What you have to do >>
Please write out exactly, without any picture, each line from the first in the listing through the line that includes "The host asks".

(Supplied material)

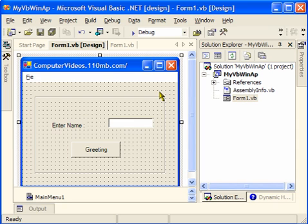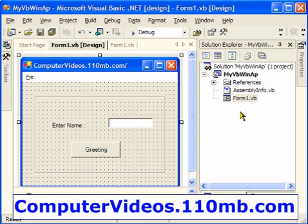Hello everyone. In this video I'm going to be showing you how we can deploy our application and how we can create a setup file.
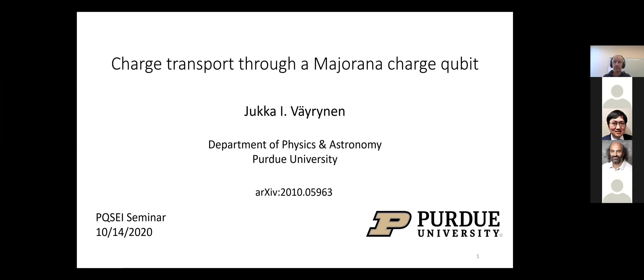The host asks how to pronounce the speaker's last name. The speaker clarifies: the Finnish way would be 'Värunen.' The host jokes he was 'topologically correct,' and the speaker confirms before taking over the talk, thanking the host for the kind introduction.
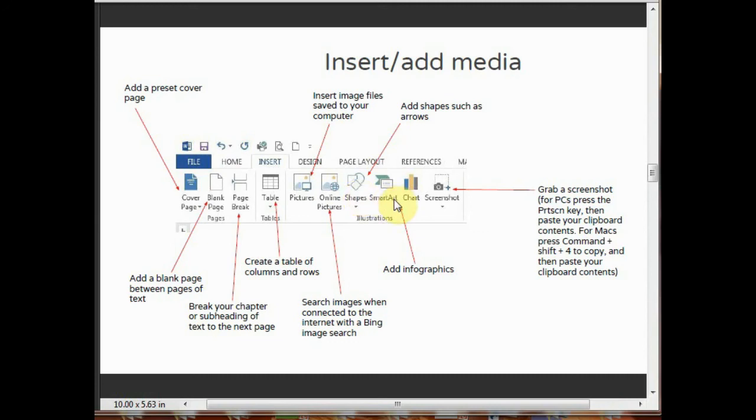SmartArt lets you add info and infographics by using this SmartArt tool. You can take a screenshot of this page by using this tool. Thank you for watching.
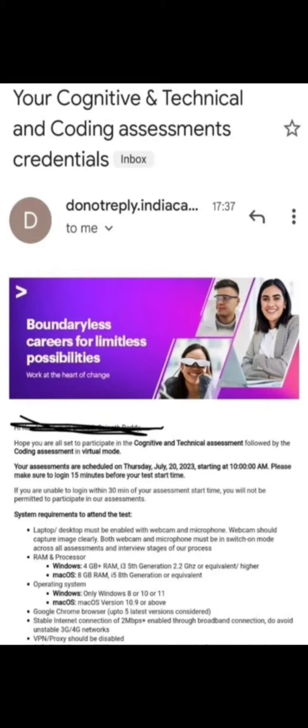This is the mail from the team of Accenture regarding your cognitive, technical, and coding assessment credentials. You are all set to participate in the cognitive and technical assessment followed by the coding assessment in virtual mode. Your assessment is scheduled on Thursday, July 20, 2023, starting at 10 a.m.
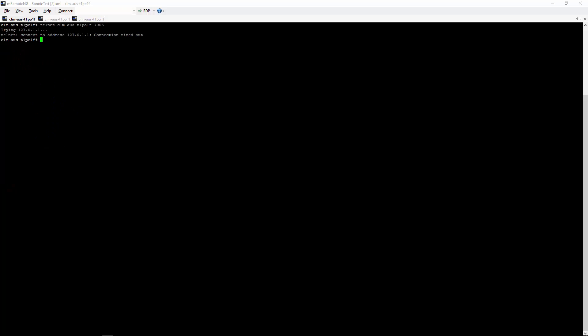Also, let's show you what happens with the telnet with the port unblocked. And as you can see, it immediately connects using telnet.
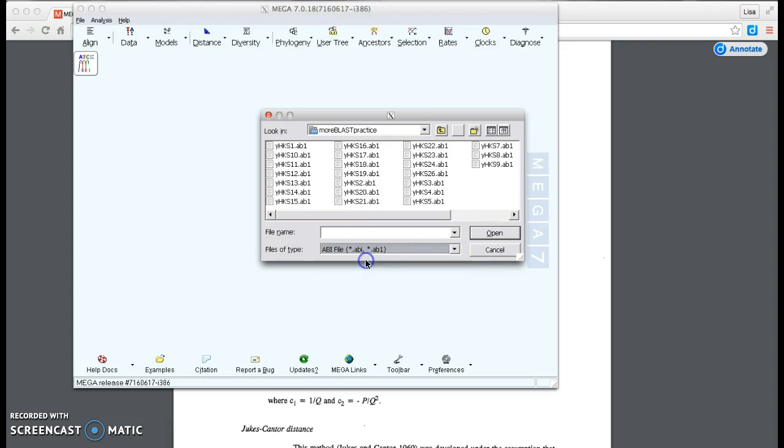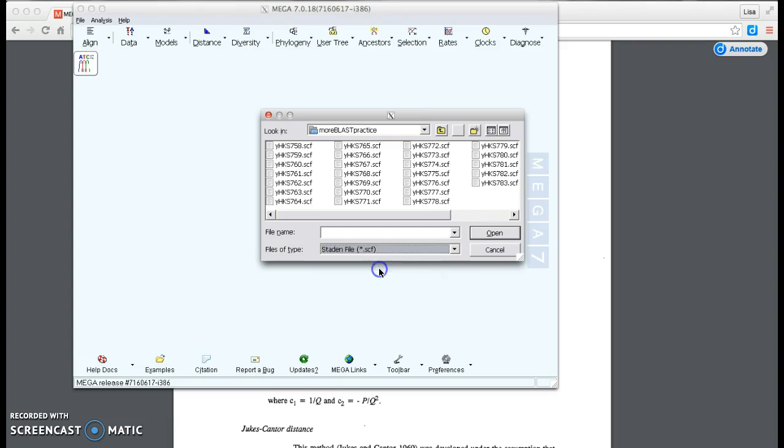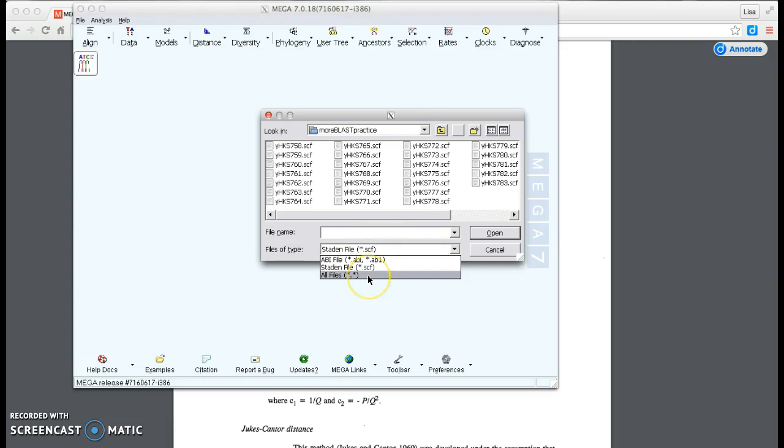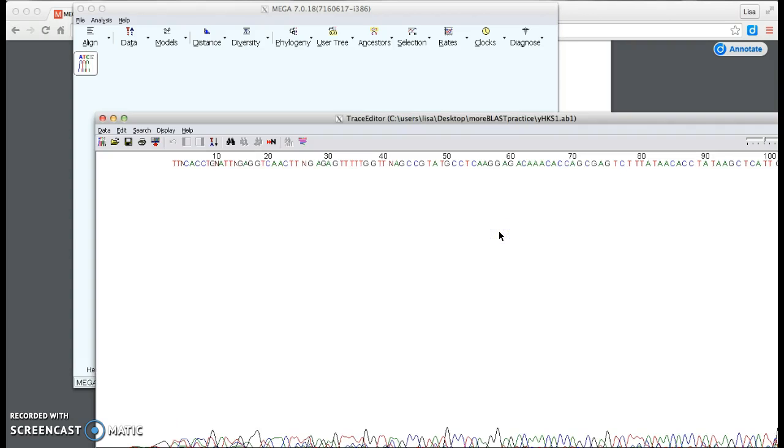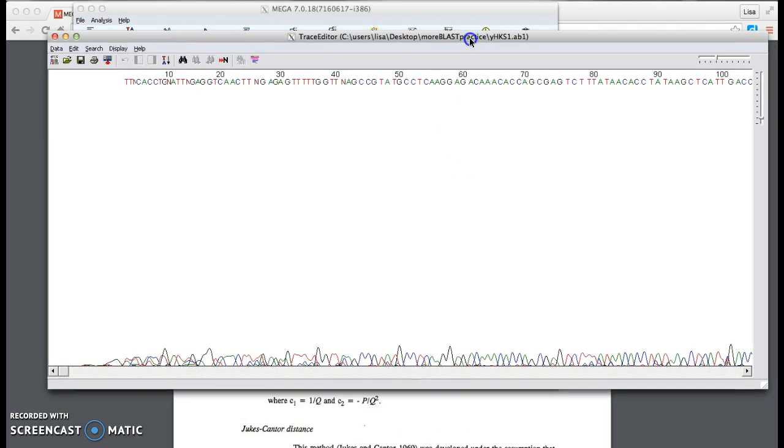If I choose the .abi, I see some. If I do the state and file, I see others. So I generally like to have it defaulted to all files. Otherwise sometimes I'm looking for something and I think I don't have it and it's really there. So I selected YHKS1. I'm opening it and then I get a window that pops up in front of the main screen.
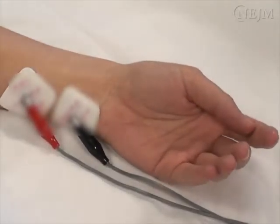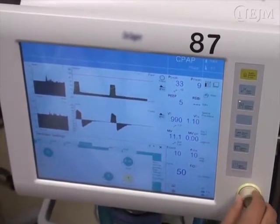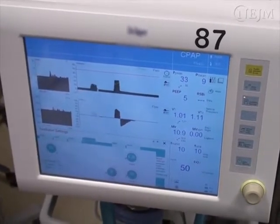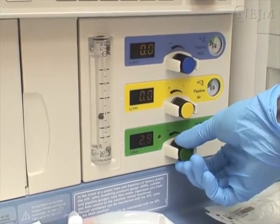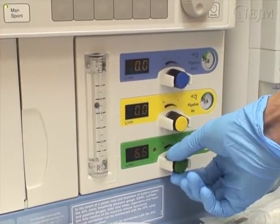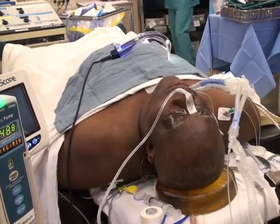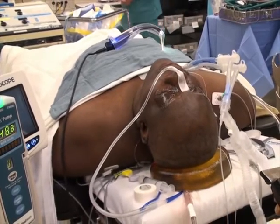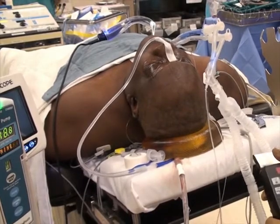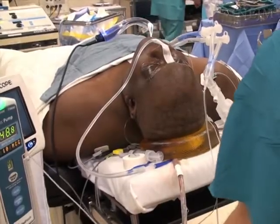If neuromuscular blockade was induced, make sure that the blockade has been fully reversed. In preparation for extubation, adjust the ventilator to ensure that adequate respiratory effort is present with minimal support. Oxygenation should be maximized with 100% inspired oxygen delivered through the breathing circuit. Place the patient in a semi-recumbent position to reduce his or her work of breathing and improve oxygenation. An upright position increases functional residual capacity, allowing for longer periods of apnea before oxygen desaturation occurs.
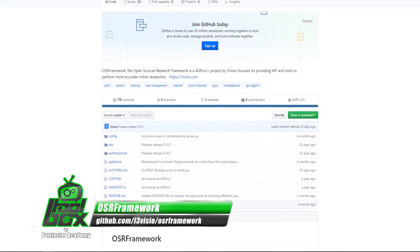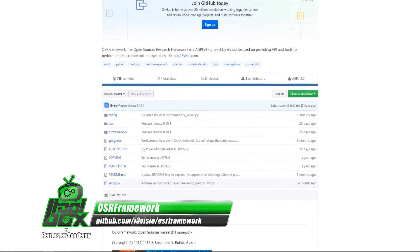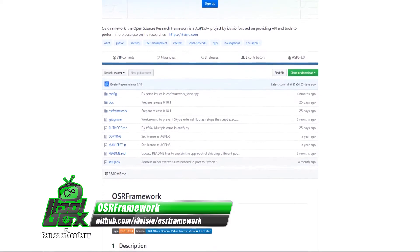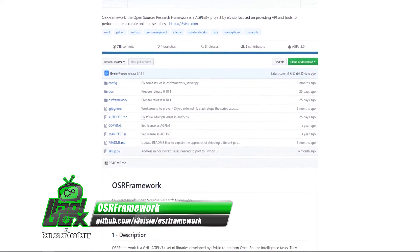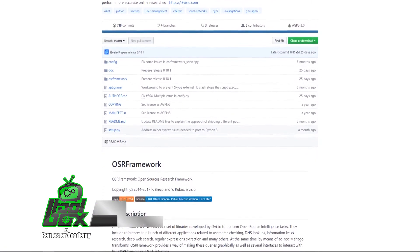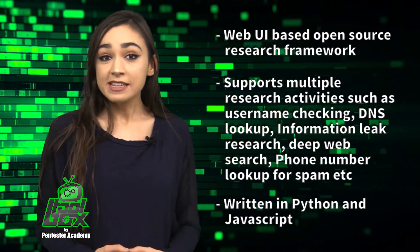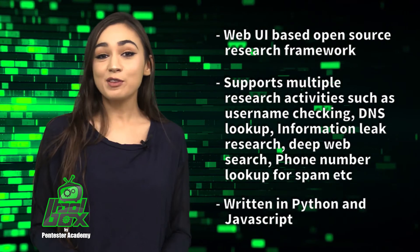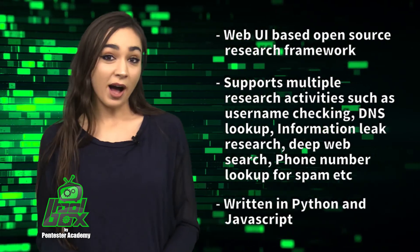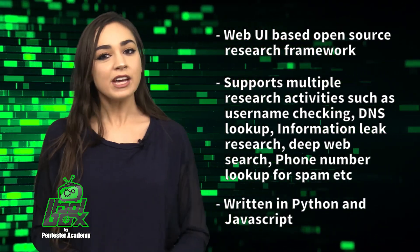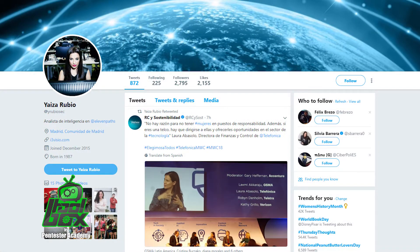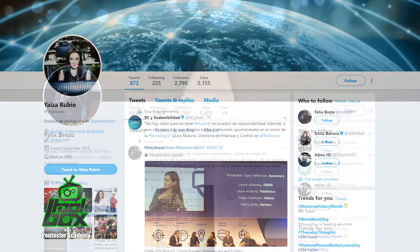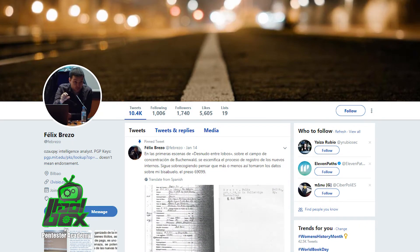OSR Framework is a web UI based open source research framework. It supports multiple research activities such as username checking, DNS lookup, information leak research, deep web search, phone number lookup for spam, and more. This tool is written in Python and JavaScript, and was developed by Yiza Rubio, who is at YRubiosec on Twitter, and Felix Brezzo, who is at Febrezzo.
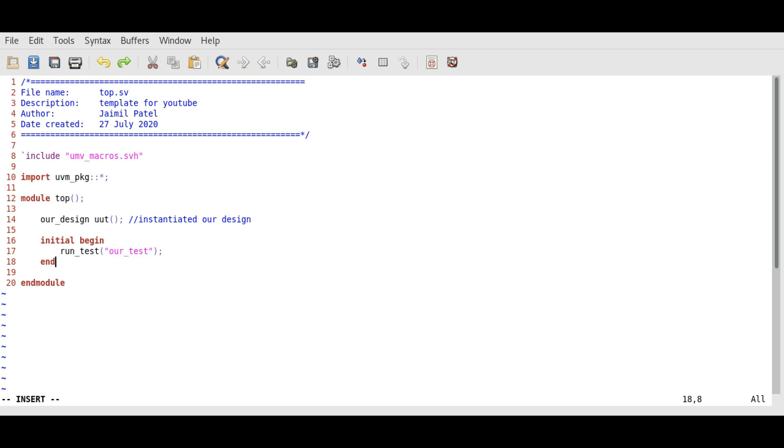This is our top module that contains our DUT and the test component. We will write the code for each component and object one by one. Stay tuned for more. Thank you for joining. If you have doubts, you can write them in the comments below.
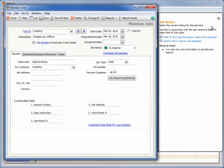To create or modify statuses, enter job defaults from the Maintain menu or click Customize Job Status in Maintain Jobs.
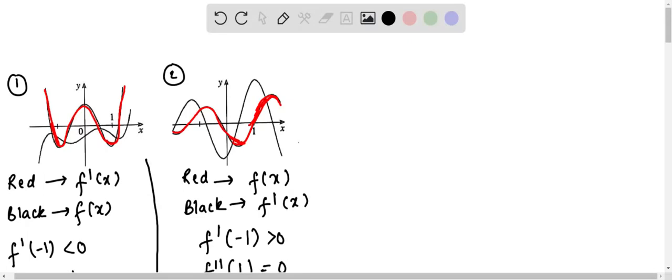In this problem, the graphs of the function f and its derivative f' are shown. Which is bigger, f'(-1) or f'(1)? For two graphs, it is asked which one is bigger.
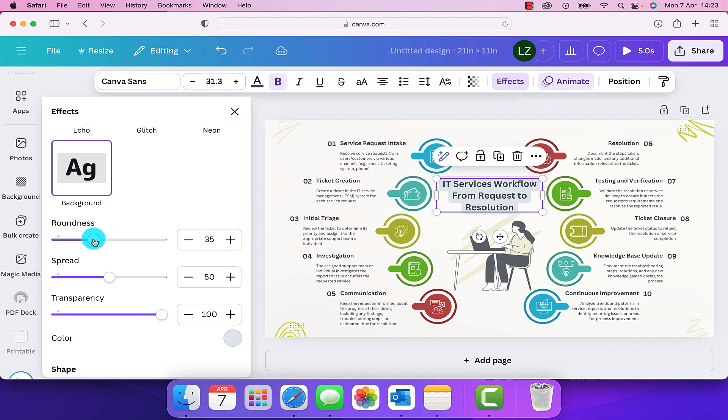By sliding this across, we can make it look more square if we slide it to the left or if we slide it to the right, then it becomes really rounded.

(End Supplied material)

Answer section >>
Hello everyone. In this video I'm going to be showing you how we can deploy our application and how we can create a setup file.
The host asks how to pronounce the speaker's last name. The speaker clarifies: the Finnish way would be 'Värunen.' The host jokes he was 'topologically correct,' and the speaker confirms before taking over the talk, thanking the host for the kind introduction.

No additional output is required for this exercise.